In December 2001 the ATLAS ROD Working Group Readout Link Task Force made recommendations concerning this link. Those recommendations were endorsed at the ATLAS Executive Board meeting on the 15th of February 2002:
The S-LINK team has taken up the responsibility for the recommendation that an S-LINK mezzanine card using 2.5 Gbps components and requiring only two fibres per Readout Link be designed.
On the web page of the ROD Working Group you can find a link to the Read-out Link section which contains hints and tips for ROD designers.
26 March 2002. The LHCb RICH detector uses the GOL serialiser chip developed by the CERN MIC group as data transmitter. Currently the data from this chip will be read out over a modified ODIN LDC as that one contains all that is needed to receive the G-LINK compatible data. Gillian Damerell, who formerly was at CERN and had developed specific ATLAS code for the SLIDAS data generator, is modifying the ODIN Altera firmware to make it work with the data sent by the RICH detector. John Bibby from the University of Oxford is leading this effort.
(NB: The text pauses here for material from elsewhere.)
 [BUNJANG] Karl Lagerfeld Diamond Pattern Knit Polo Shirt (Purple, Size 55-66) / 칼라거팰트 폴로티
|5 February 2002. The 32-bit S-LINK to 64-bit PCI
interface (S32PCI64) designed by Wieslaw Iwanski from the Polish Institute for Nuclear
Physics can move data from a 32-bit S-LINK Link Destination Card to any 32-bit or 64-bit
PCI bus that runs at 33 MHz. It is a high-speed follow up of the Simple S-LINK to PCI interface.
The S32PCI64 will have a lower PCI-bus utilization and needs much less host processor control. The source code of the Linux user library for this interface is only 10 KByte in size, showing that the interface is easy to program. Three prototypes have been built. Transfer rates to host memory of over 150 MB/s with one interface and 300 MB/s with two interfaces on a single 64-bit/66MHz PCI bus segment have been shown. The required software overhead per block transfer is only in the order of 2.5 us. The company Nowoczesna Elektronika manufactures and sells the S32PCI64.
Note: the S32PCI64 only works in 3.3 Volt PCI slots and is only able to accept 3.3 Volt Link Destination Cards.